Most researchers have assumed that the stars have somehow accelerated – or that, more precisely, the rate of the expansion of the post-Big Bang universe itself has accelerated over time.
This was particularly odd given that the universe was thought to be dominated by matter, which should, through the aggregate gravitational effect of each bit pulling on the others, have led to a deaccelerating expansion, rather than the opposite. Thus, scientists have postulated an unknown kind of energy, now known as "dark energy," which would be responsible for the acceleration.
But hold on just a minute.
A group of scientists from the University of the Basque Country in Bilbao, and Spain's University of Salamanca have offered a different idea. Maybe it's the passage of time itself that's slowing down, they say. The distant galaxies only look like they're accelerating because our deep-space telescopes are essentially looking back in time to see them, to when time was going faster.
The theory, outlined in the New Scientist and the UK Telegraph, and in a paper published in Physical Review D, is based on a complex bit of string theory that remains entirely speculative today. Under this theory, our entire universe is embedded in a multidimensional "brane," which itself is floating through a higher dimensional space that we can't detect.

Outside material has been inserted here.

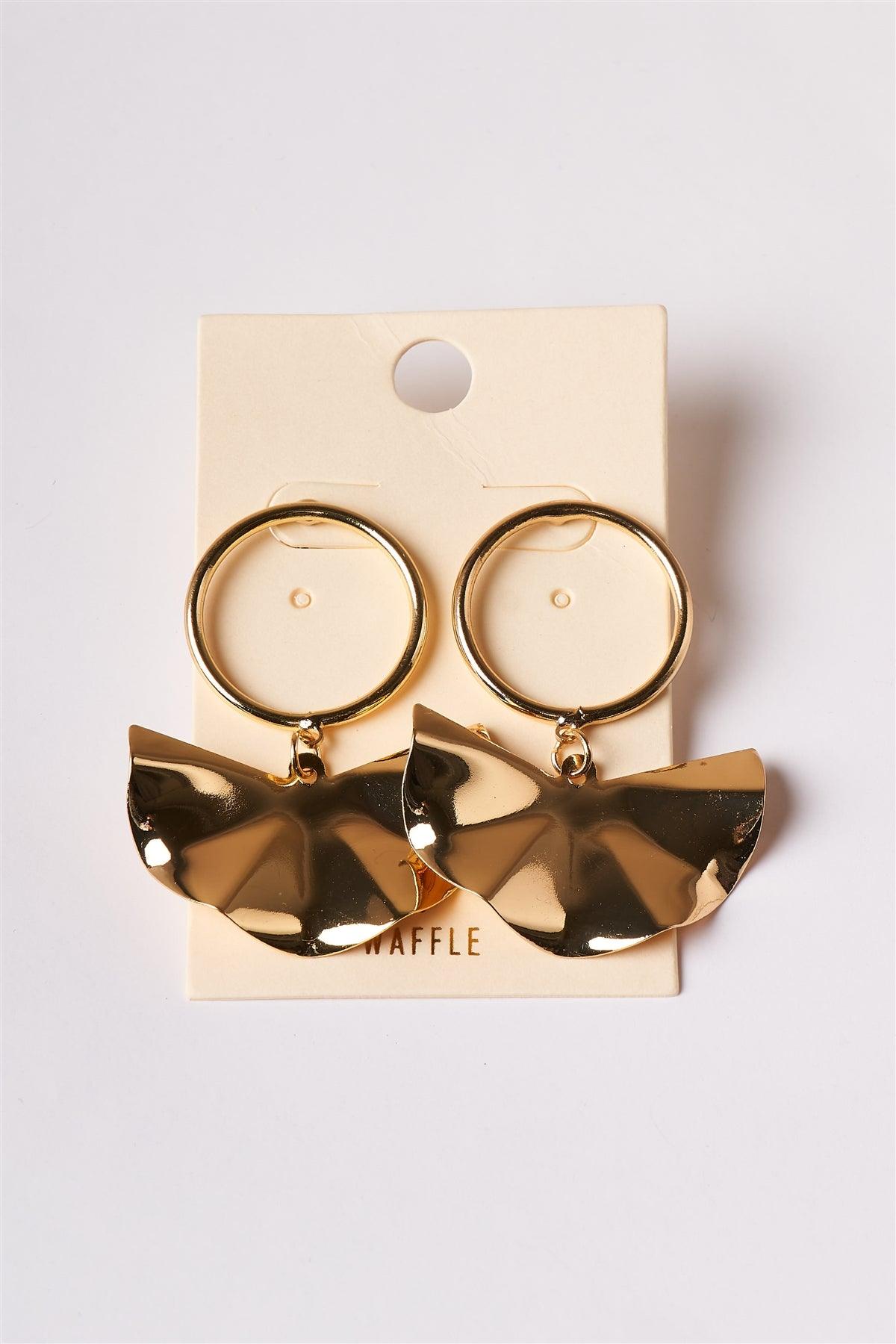 Gold Circle Hoop Shell Earring /1 Pair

Naturally, the theory has a few chilling conclusions. If time is slowing, it could – in billions of years – actually come to a complete halt, University of the Basque Country professor José Senovilla told New Scientist.
Would that mean everything freezes in place forever? Apparently. Does forever mean anything if time itself has literally stopped? Pass...
In short, a brain twister. Of course, there's a catch, which Senovilla says his group hasn't yet considered. Another group of physicists has postulated that there may actually be two dimensions of time, rather than just one we all know and fear. Which would explain where all that lost time goes, I suppose.